* Task directions
The listing below is to be written out word for word, minus its images.

* Available data
#####
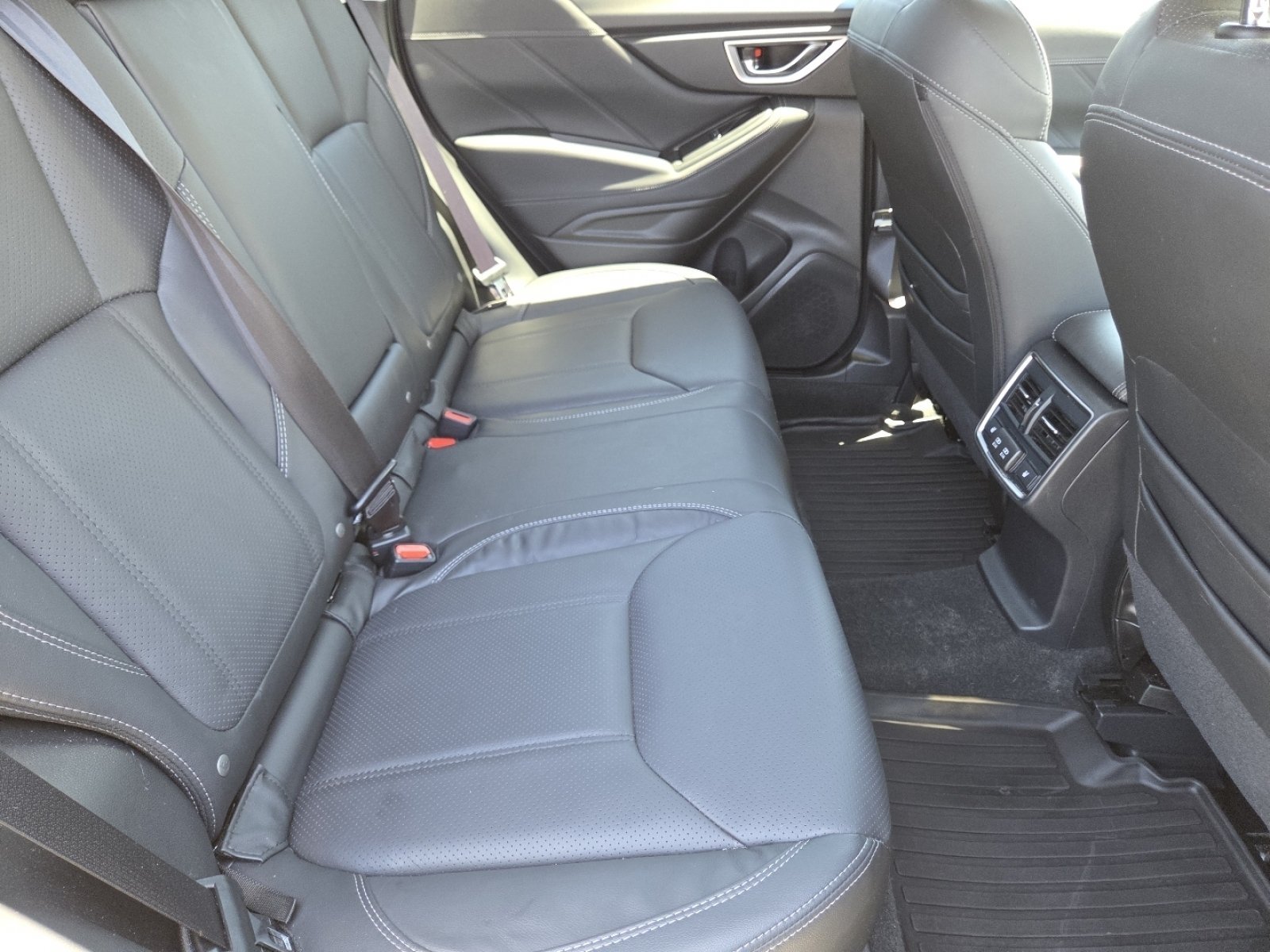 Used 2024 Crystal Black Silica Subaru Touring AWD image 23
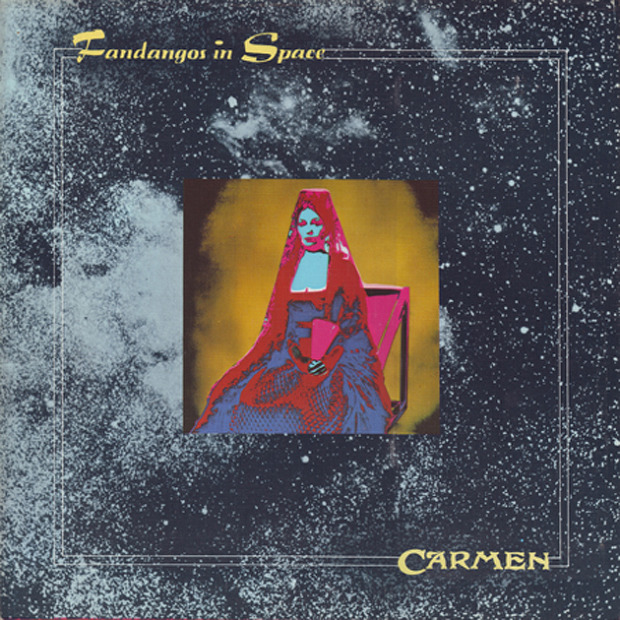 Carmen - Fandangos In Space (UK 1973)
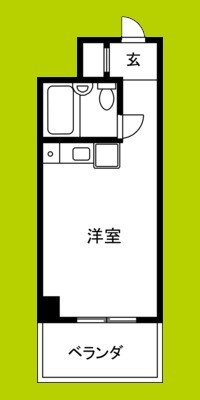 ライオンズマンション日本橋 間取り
#####
* Solution to this exercise
 Used 2024 Crystal Black Silica Subaru Touring AWD image 23
 Carmen - Fandangos In Space (UK 1973)
 ライオンズマンション日本橋 間取り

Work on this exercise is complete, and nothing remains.